Are you still with me? Is your head hurting yet?
This change strikes me as more of a mixed blessing. Chapter-specific voting at the nomination stage is obviously a good thing. Though, as I mentioned earlier, BAFTA nominees were usually in line with the chapter’s asterisked picks anyway, when the collected membership strayed from those it was rarely for the better. (Witness this year’s head-desk moment in the Best Original Screenplay category, where the general voters overruled the writers’ choice of “Young Adult” in order to nominate Abi Morgan’s disastrous script for “The Iron Lady.” Sometimes you really should leave it to the professionals.)

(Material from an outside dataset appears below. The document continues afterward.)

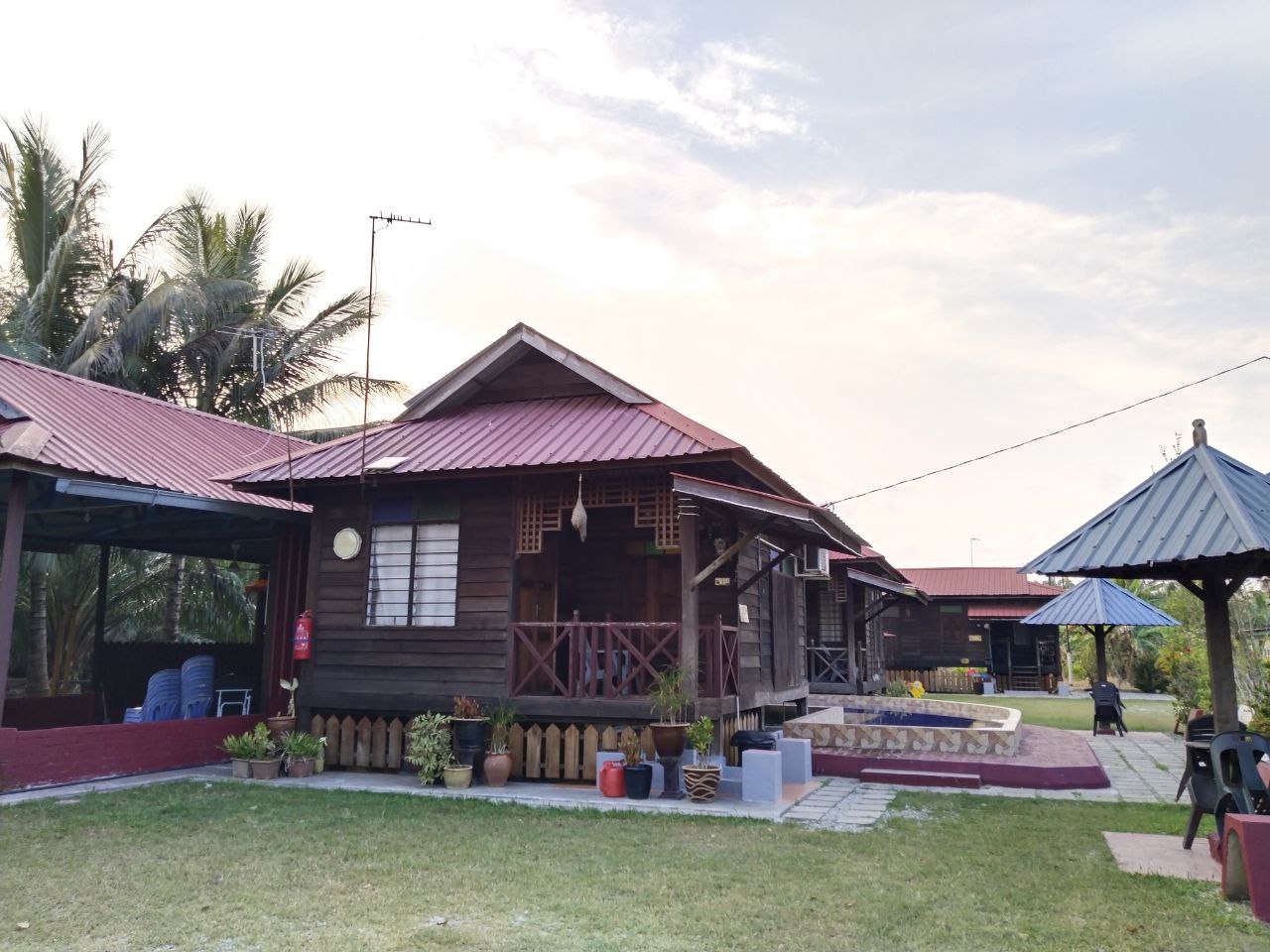 Homestay Nur Kasih Inap desa sabak bernam selangor kolam mandi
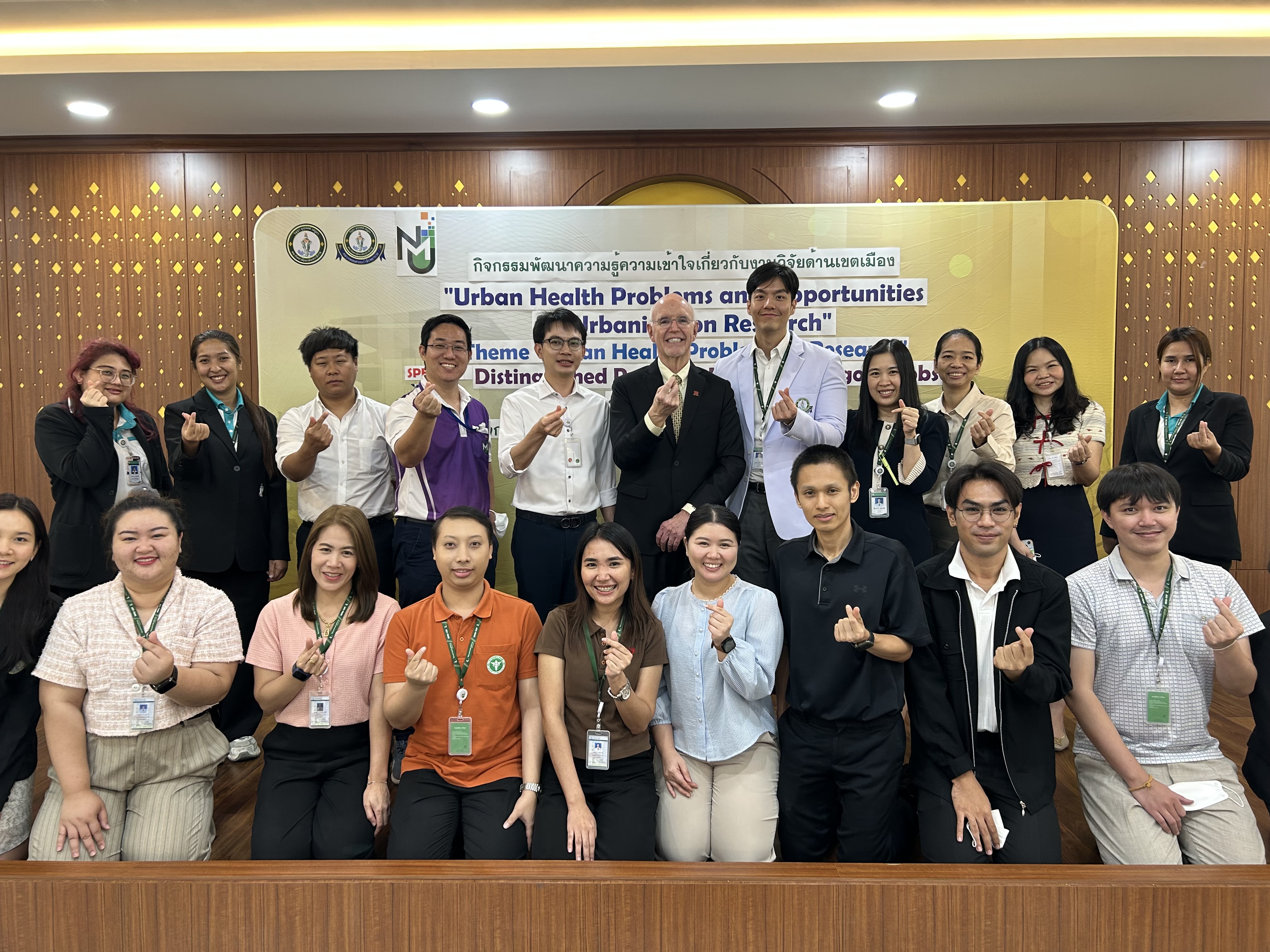 Dean Robson in Bangkok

I’m more nervous, however, about having the entire membership vote for the winners. One of the things I’ve always liked about BAFTA, as opposed to the Academy, is that chapter voting in the technical categories often led to some highly singular and deserving winners: “Mulholland Drive” and “Eternal Sunshine of the Spotless Mind” both won for Best Film Editing, for example, which is an outcome that seems likely with all chapters voting.
The principal concern is that voters with little knowledge of the field they’re voting in will simply default to the biggest nominee in the race, or the one they simply like most — a trend that sometimes results in iffy calls in below-the-line categories at the Oscars. (Emmanuel Lubezki, feel free to pout at this point.)
BAFTA have acknowledged that worry, and I like their pledge, quoted in Variety, to “take a more proactive role in instructing members to abstain from voting in categories where they don’t consider themselves qualified to judge, and [to] also send out a clear message that it expects members to abstain in the final round in any category where they have not seen all five nominees.” That is at it should be, but I’m not sure how many voters will play fair in that regard.
Finally, special rules still apply to the awards for Best Foreign Language Film, Best Animated Film, Best British Film and Best Documentary Feature, in which both the nominees and the winners will be determined by “opt-in” chapters of volunteers from all areas of BAFTA. That will ensure that all the nominees are viewed and given a fair shake by the voters — though I still wouldn’t count on the Best British Film winners being as idiosyncratic as when the award was determined by a select jury.
Anyway, we’ll see how it all pans out next year. For now, I’m pleased to see BAFTA evidently taking on board the industry and critical response to problems in their voting system — some of these solutions are clearly for the better. Others — well, swings and roundabouts, but it can’t hurt to try things. Your turn, Academy.